* _WHAT TO PRODUCE_
For the records below, please print exactly and only the lines from the one with "DASTER DRESS WANITA" down to the one with "Grey Waterproof Carport", both ends included, omitting the pictures.

* _STORED DATA_
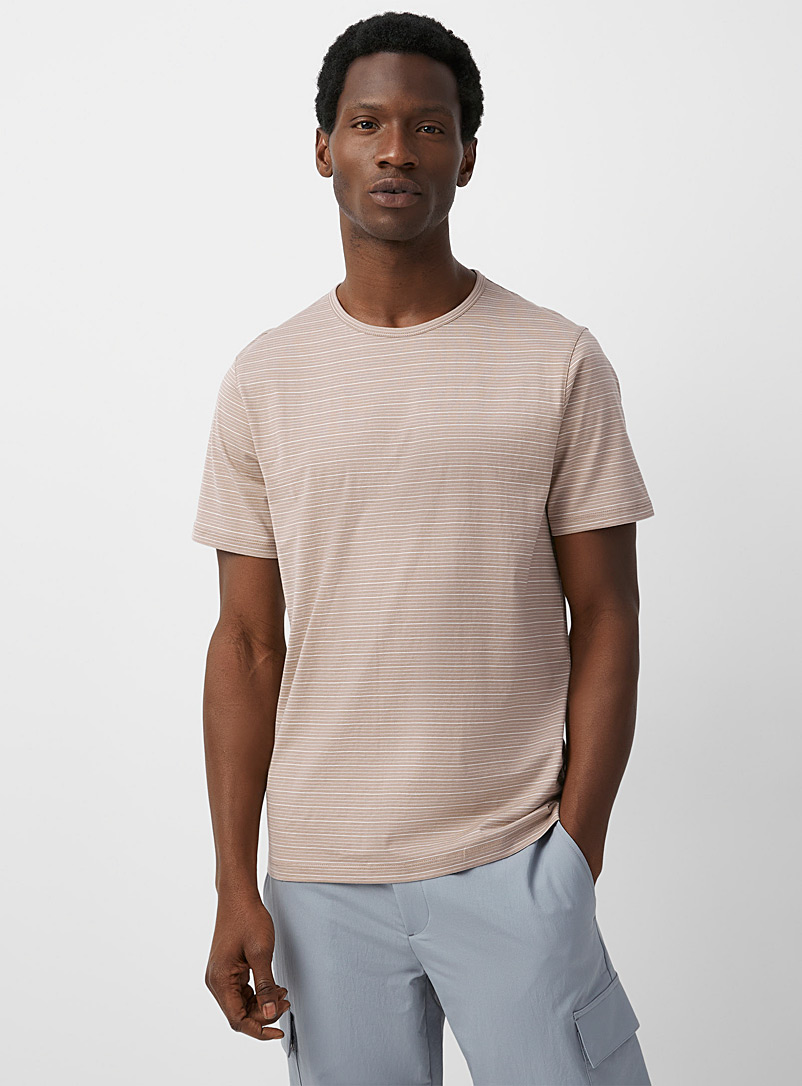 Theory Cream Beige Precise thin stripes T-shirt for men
---
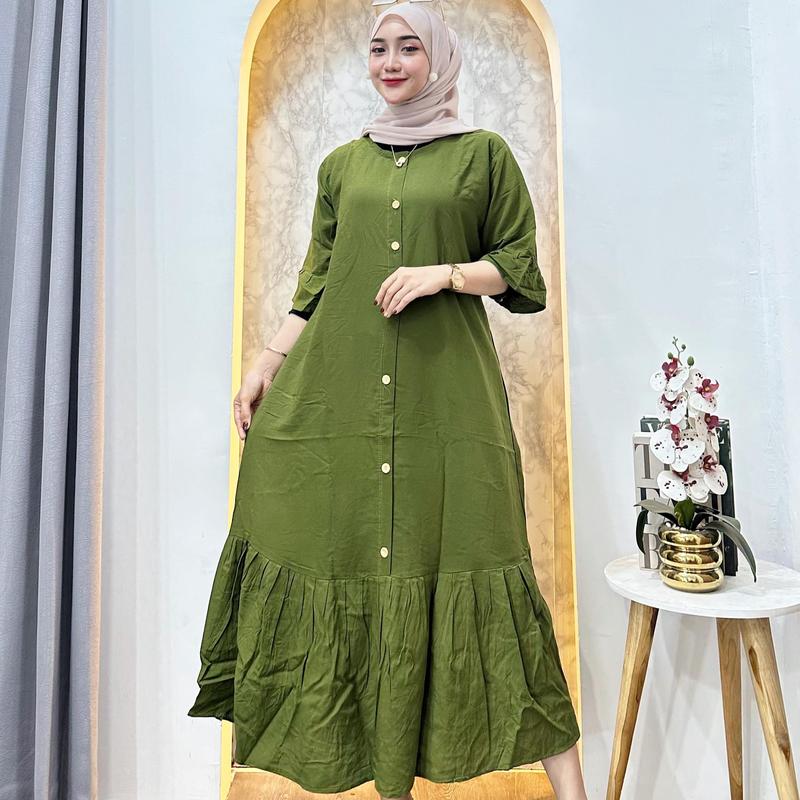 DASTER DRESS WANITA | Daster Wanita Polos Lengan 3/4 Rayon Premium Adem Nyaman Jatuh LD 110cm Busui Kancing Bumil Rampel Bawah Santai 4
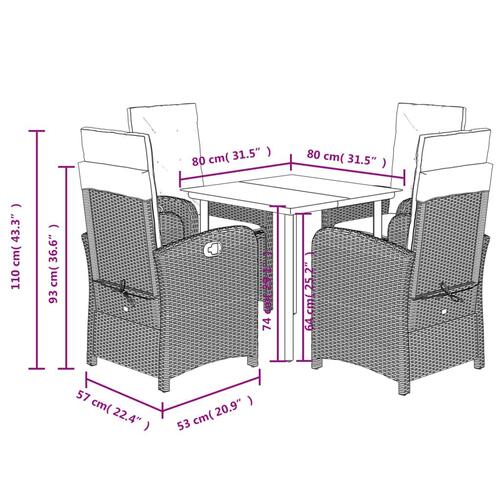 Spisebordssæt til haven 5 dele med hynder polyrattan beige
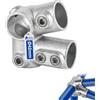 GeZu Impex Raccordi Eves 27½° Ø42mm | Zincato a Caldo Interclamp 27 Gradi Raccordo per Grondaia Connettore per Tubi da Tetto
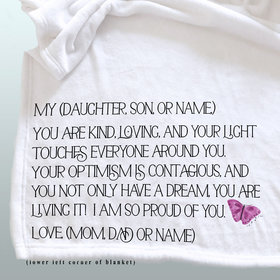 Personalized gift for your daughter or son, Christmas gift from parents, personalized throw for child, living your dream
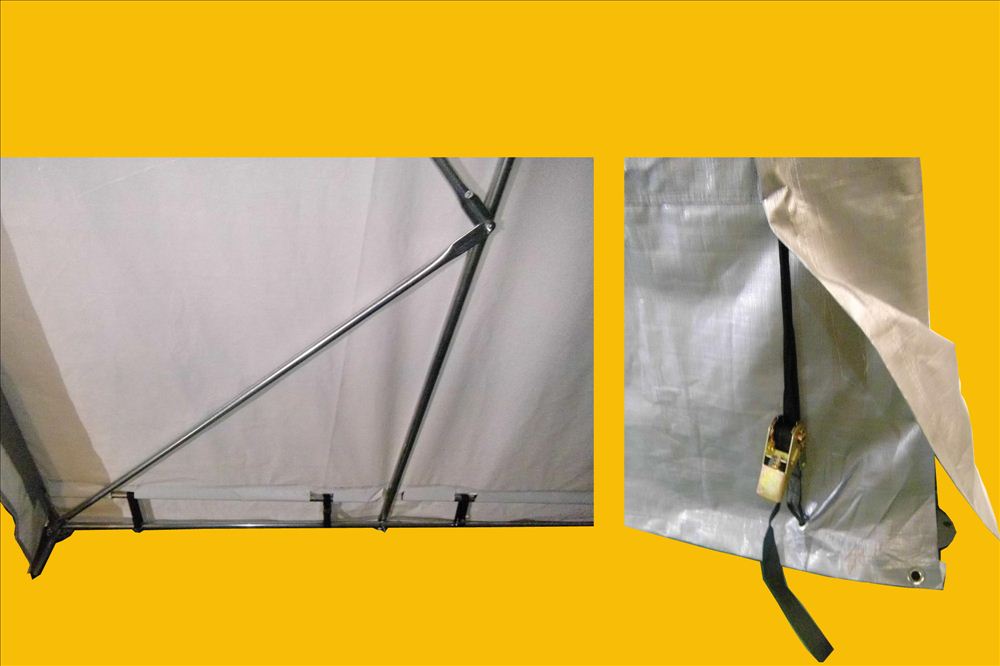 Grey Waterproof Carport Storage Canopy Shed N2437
---
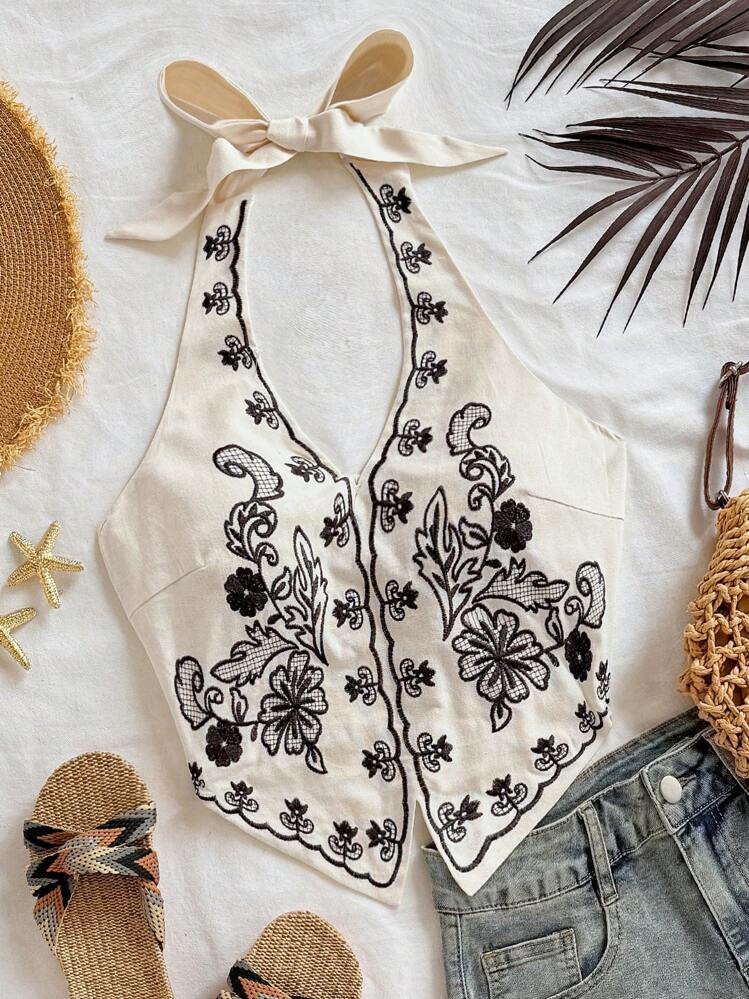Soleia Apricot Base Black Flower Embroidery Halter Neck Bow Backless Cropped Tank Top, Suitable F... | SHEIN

* _REPLY_
 DASTER DRESS WANITA | Daster Wanita Polos Lengan 3/4 Rayon Premium Adem Nyaman Jatuh LD 110cm Busui Kancing Bumil Rampel Bawah Santai 4
 Spisebordssæt til haven 5 dele med hynder polyrattan beige
 GeZu Impex Raccordi Eves 27½° Ø42mm | Zincato a Caldo Interclamp 27 Gradi Raccordo per Grondaia Connettore per Tubi da Tetto
 Personalized gift for your daughter or son, Christmas gift from parents, personalized throw for child, living your dream
 Grey Waterproof Carport Storage Canopy Shed N2437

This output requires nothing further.